Rigatoni Torte with Ricotta and Fall Vegetables
- 3 sprigs fresh sage plus 2 Tbs. chopped fresh sage, divided
- 12 oz. white or cremini mushrooms, quartered (6 cups)
- 3 small leeks, white and light green parts cut into 1/2-inch-thick rounds (3 cups)
- 12 oz. broccoli, cut into 1 1/2-inch florets (6 cups)
- 1 lb. uncooked rigatoni
- 4 Tbs. butter
- 1/4 cup all-purpose flour
- 1 32-oz. pkg. creamy butternut squash soup, such as Imagine Foods
- 2 cups grated Swiss or Gruyere cheese, divided
- 1 tsp. truffle oil, plus more for drizzling, optional
- 1 cup low-fat ricotta cheese
- Preheat oven to 350F.
- Coat 10-inch springform pan with cooking spray.
- Bring large pot of salted water to a boil with fresh sage sprigs; use this boiling water to separately blanch mushrooms (3 minutes), then leeks (2 minutes), and then broccoli (1 minute).
- Immediately transfer each vegetable to colander with slotted spoon, rinse under cold water, drain well, and transfer to 1 large bowl.

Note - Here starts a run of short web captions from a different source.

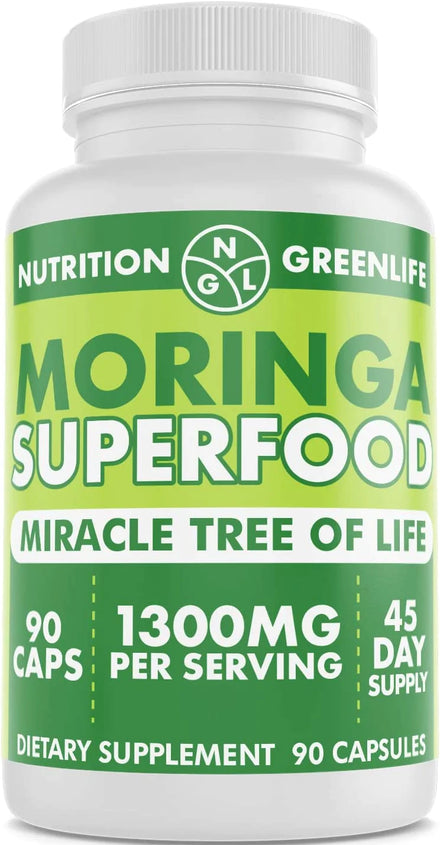 Moringa Capsules 1300mg by Nutrition Greenlife | Pure Raw Moringa Oleifera Superfood Dietary Supplement | 90 Capsules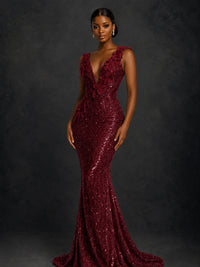 Gold Sequin Floral Applique Mermaid Prom Dress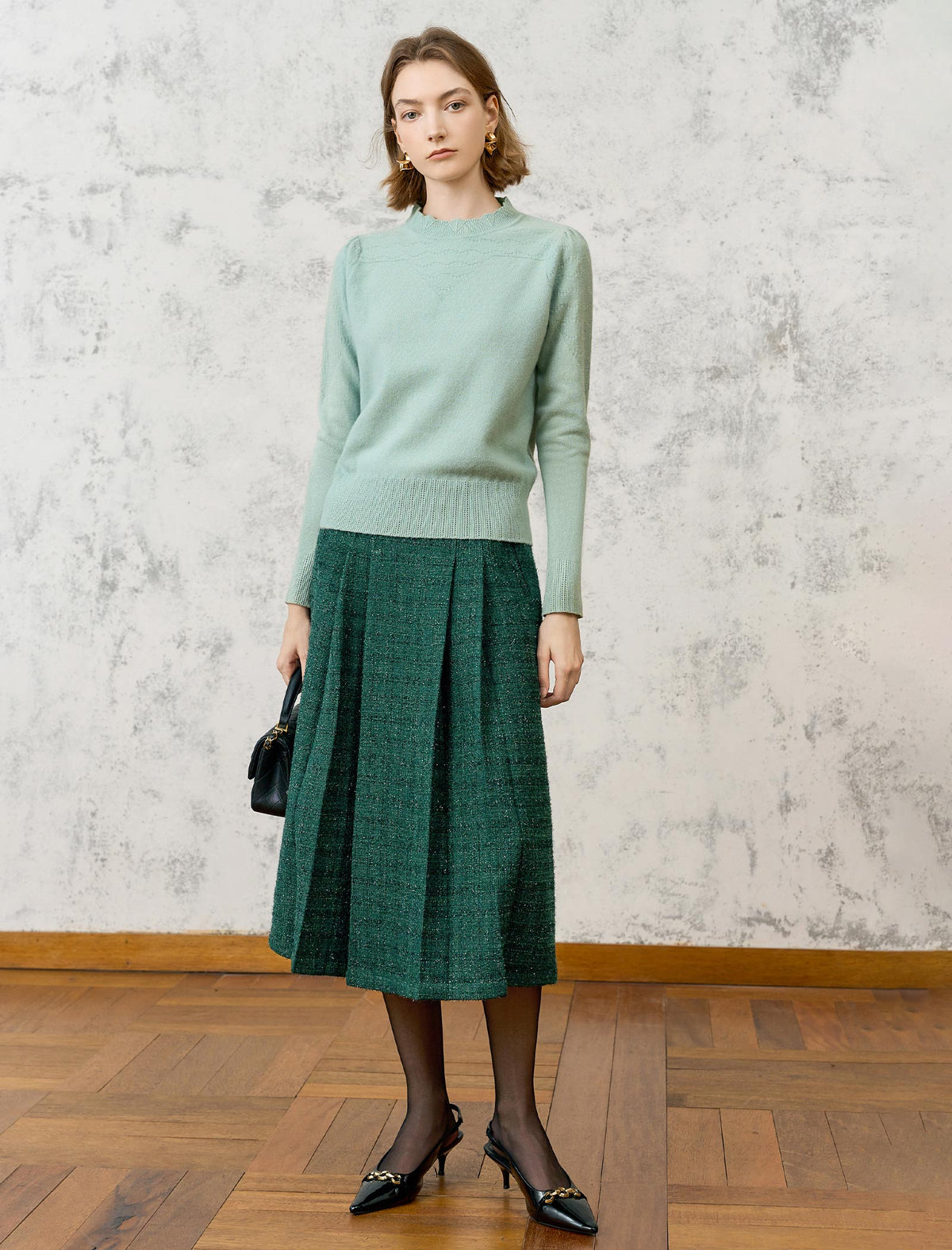 Wool Blend Eyelet Scalloped Stand-Collar Knit Top
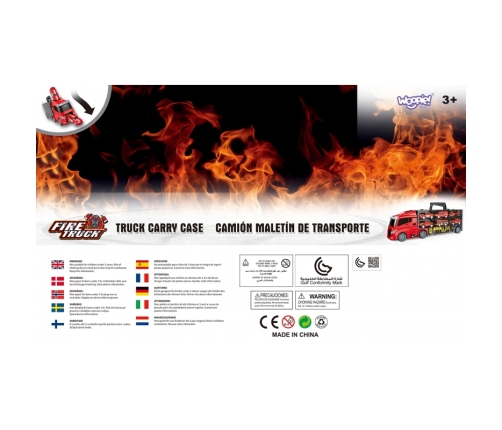 WOOPIE Zestaw Ciężarówka Transporter 3w1 Czerwony 11 el.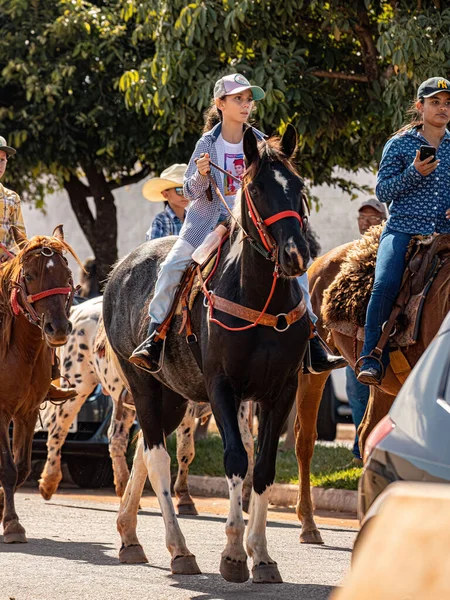 Apore Goias Brasile 2023 Evento Equitazione Aperto Pubblico Sulle Strade — Foto Stock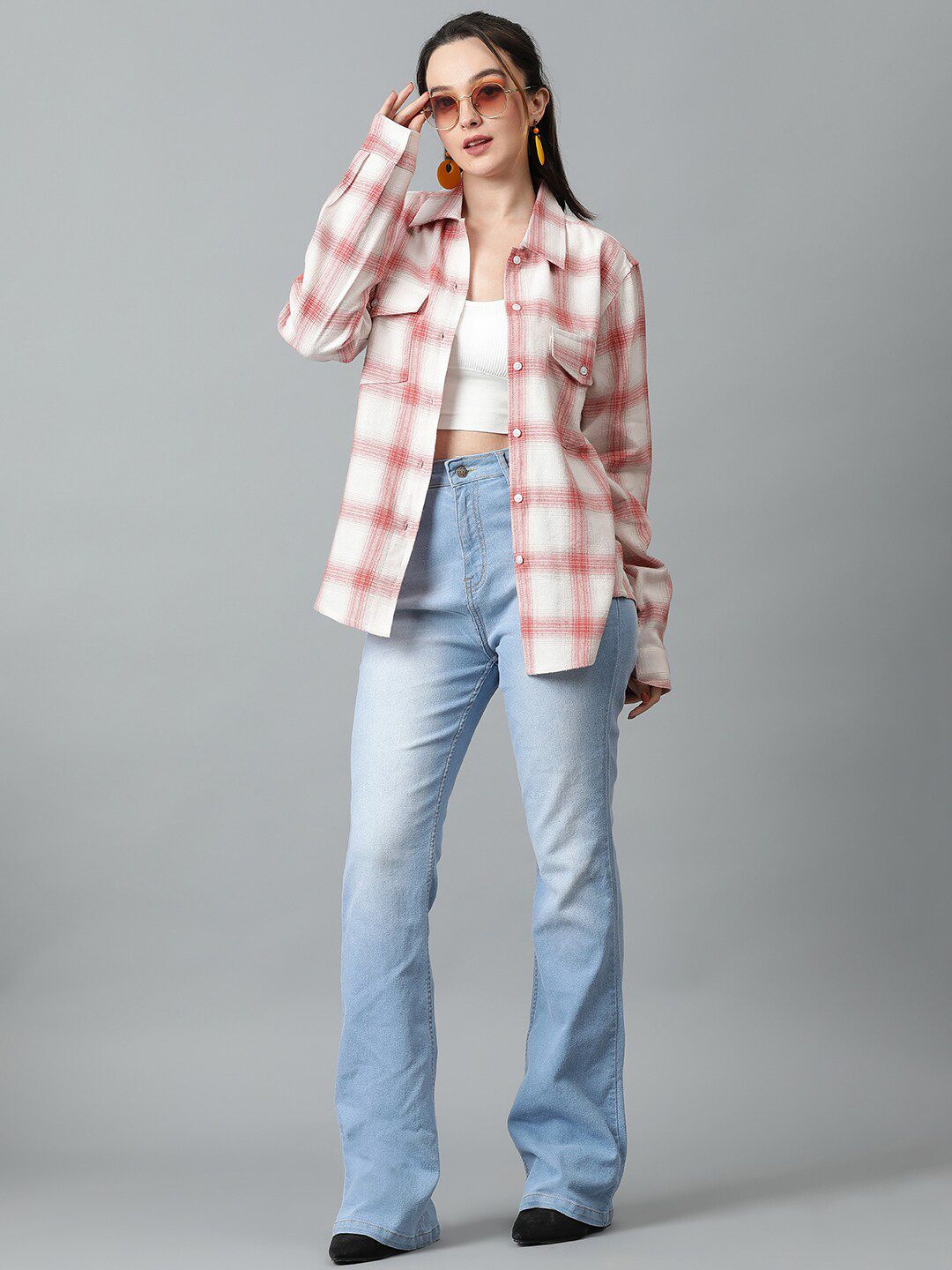 Kotty Tartan Checks Spread Collar Casual Shirt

- Cook rigatoni in boiling water 3 minutes less than cooking time recommended on package, then drain, rinse under cold water, and transfer to separate large bowl.
- Melt butter in large saucepan over medium heat.
- Add flour, and cook 3 to 5 minutes, or until beginning to turn light brown, stirring constantly.
- Add butternut squash soup, and cook 5 minutes, or until thickened, stirring constantly.
- Stir in 1 cup grated cheese, chopped sage, and 1 tsp.
- truffle oil (if using); season with salt and pepper, if desired.
- Stir soup mixture into pasta, add blanched vegetables, and stir to combine.
- Spread one-third of pasta mixture in prepared springform pan; dot with 1/3 cup ricotta cheese.
- Repeat twice with remaining pasta mixture and ricotta, and then sprinkle with remaining 1 cup grated cheese.
- (If making ahead, cover springform pan tightly with foil, and refrigerate up to 24 hours.
- Uncover before baking.)
- Place springform pan on large baking sheet, and bake 30 minutes, or until top is browned and cheese is melted.
- Let stand 5 minutes before unmolding and serving.
sage, white, leeks, broccoli, rigatoni, butter, allpurpose, soup, swiss, truffle oil, lowfat ricotta cheese
Taken from www.vegetariantimes.com/recipe/rigatoni-torte-with-ricotta-and-fall-vegetables/ (may not work)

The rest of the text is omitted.